Konut konusunda geçmişte çözüm için ilk örneğini Emlak Bankası’nda görüyoruz. 

Cumhuriyet yoksul ve yetimleri ev sahibi yapmak için kuruluşundan 3 yıl sonra özel bir banka kuruyor. Bu banka 1950 yılına kadar Türkiye Cumhuriyeti’nde üretilen konutların yüzde 30’una imza atıyor. 1947- 1989 yılları arasında her sene ortalama 11.500 konut bu banka tarafından üretiliyor.
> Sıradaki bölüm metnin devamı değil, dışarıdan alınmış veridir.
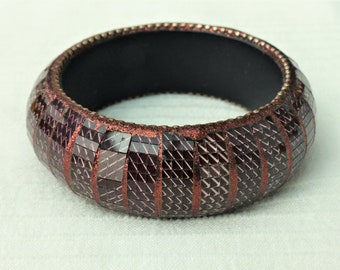 Vintage 1980s Purple-brown Acrylic & Copper Resin Mosaic Bangle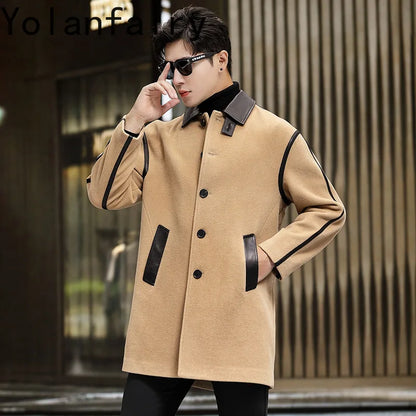 YOLANFAIRY Luxury Woolen Overcoat for Man Autumn Winter Mid-length Lapel Pure Wool Spliced Sheepskin Trench Coat Trend Jacket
Bu toplamda neredeyse yarım milyon konuta denk geliyor.

2002 senesine geldiğimizde bir zamanlar adında yetimler olan kurum Emlak GYO adıyla yatırım ortaklığına dönüştü. Bu dönüşümün ardından kurumun temel işlevi, kamunun tasarrufundaki arsalarda özel sektörle hâsılat paylaşımı yaparak konut üretmek oldu. O tarih den bugüne 132.000 adet konut üretildi ama bu konutları eskilerden ayıran bir özelliği var o da Emlak GYO lüks konut üreten bir şirket oldu. Kuruluş amacı yoksul ve kimsesizlere ev kurmaktı ama gördüğünüz gibi gelinen noktada kurum artık varlıklı kesime rant fırsatı sunmak için lüks konut üretiyor.
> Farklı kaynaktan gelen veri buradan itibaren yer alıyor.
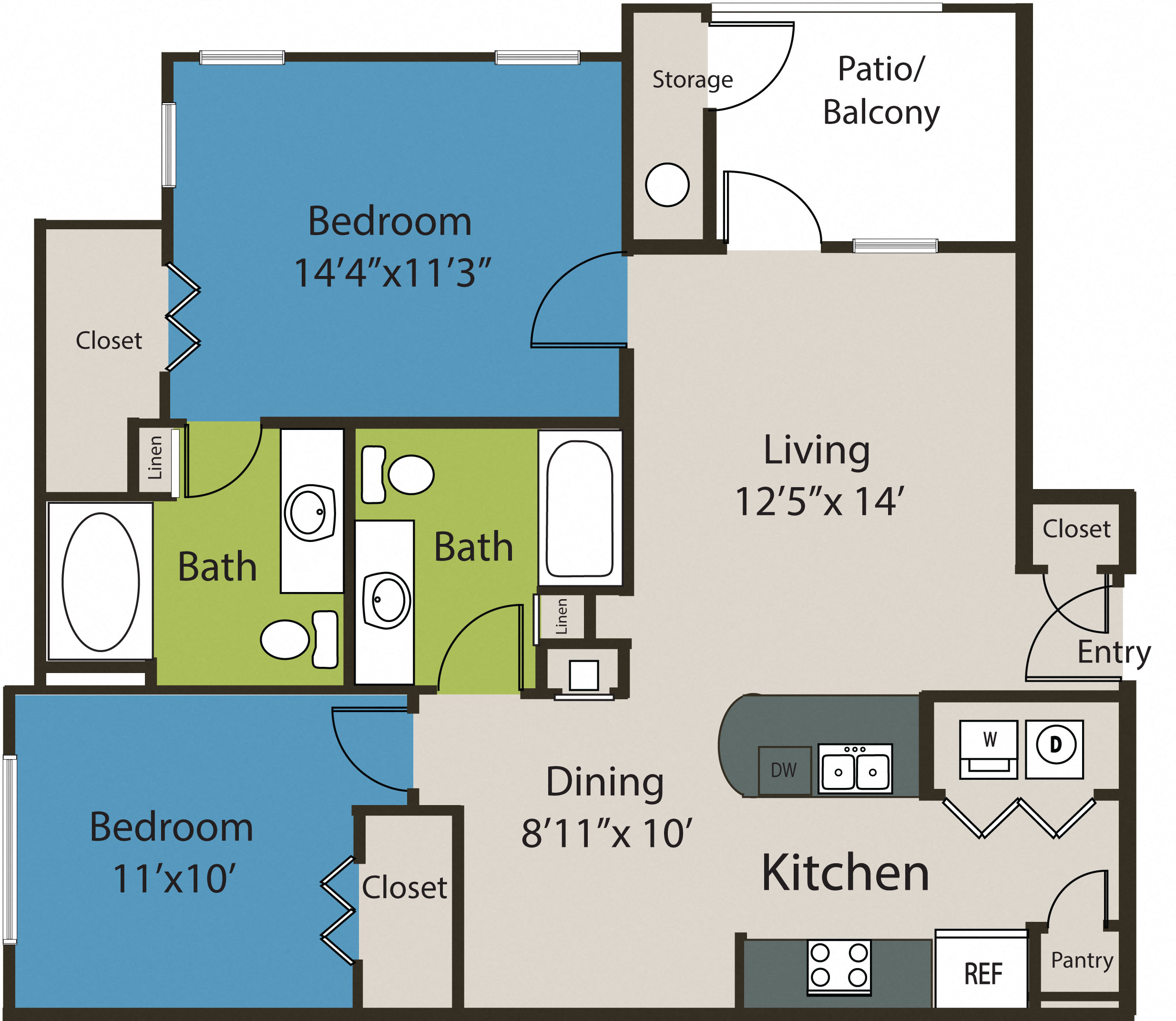 Floor plan for 2 beds, 2 baths, 969 sqft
Bugün yaşadığımız konut krizinde TOKİ ‘nin de payı çok büyük. Bugün TOKİ 2002 yılından itibaren Türkiye genelinde 1,2 milyon konutu müteahhitlerle birlikte yapmakla övünüyor. TOKİ’nin 2002- 2020 arasında üretilmiş toplam konutlar içindeki payı yalnızca yüzde 8,4 . Oysa aynı TOKİ 1984- 2002 arasında ülkedeki toplam konut üretiminde payı yüzde 20’sini omuzlamış, 1,12 milyon konutun üretimini sunduğu kredilerle finanse edebilmişti.
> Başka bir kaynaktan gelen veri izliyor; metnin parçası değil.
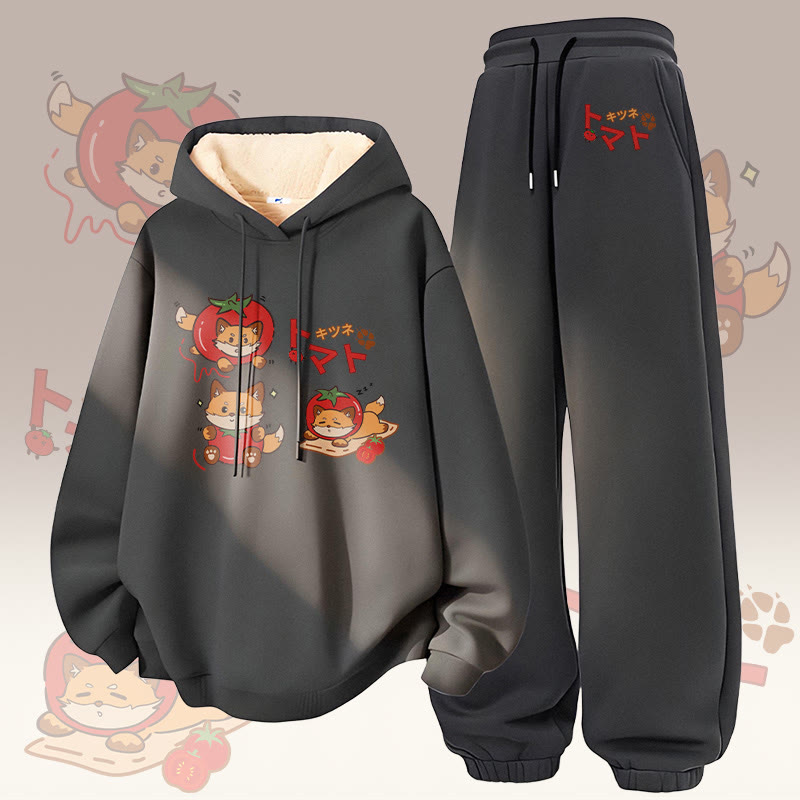MODAKAWA Tomato Fox Graphic Thick Fleece Lined Hoodie Pants Two Pieces Set - Dark Grey - 5XL - image 1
Şimdiye baktığımızda dar gelirliler için ürettiği konut oranı yüzde 17’ geri kalanı ise üst gelirlilere üretmeye devam ediyor.

Benzer şekilde birçok belediyenin dar ve orta gelirliler için kurduğu İstanbul’daki KİPTAŞ tarzı kamu kuruluşları da zamanla asli görevinden uzaklaşıp orta ve üst gelire konut üretir duruma geldiler.

Çözüm; ülkemizde konut krizini giderecek ilk adım Emlak Bankası’nın yeniden kuruluş amacına geri dönmesi ve ‘’kimsesizlere ‘’ konut fonu sağlamasıdır.

İkinci adımı ise yukarıda bahsettiğim TOKİ olmak üzere kamu müteahhitlik firmalarının, yeniden asli kuruluş amacına geri dönmesini ve sabit gelirlilere konut üretmesini sağlamaktır. Merkezi hükümet ve belediyelerin sosyal konut üretiminde ana rolü üstlenmesi büyük bir açığı kapatacaktır, ancak bu yeterli değil. Lüks konut üreten özel sektörün de dar gelirliler için konut üretmesi, belli bir sistem içinde zorunluluk olarak dayatılmalıdır. 

Kamusal kaynakların konut fonu ve üretimine aktarılması, sorunu ciddi oranda çözecektir. Ancak Türkiye’de giderek artan lüks konut üretimini frenlemek için lüks konutlara ek emlak vergisi getirmek gerekiyor. Evin değeriyle orantılı olarak yapılan vergi, piyasa ortalamasının üstündeki konutlara sahip olmanın kamusal yükünü gidermek ve dar gelirlilere fon oluşturmak için kullanılacak bu ek vergi sayesinde lüks konut talebi frenlenmiş olacak ve elde edilen ek fonlar asıl ihtiyaç sahiplerine aktarılacak. Deprem vergisinde bu uygulamaya kurumsal olarak doğru bir şekilde başlandı ama maalesef uygulamada toplanan o ek vergi amacı dışında kullanıldı. O nedenle konudan sapmamak için sadece şunu hatırlatıyorum: Dünyanın en ideal tekil çözümlerini de bulsanız, eğer sistemin tamamı kurallar dahilinde adil ve şeffaf değilse, hesap verebilir bir uygulama yoksa, bütün yaratıcı çözümler boşa çıkar.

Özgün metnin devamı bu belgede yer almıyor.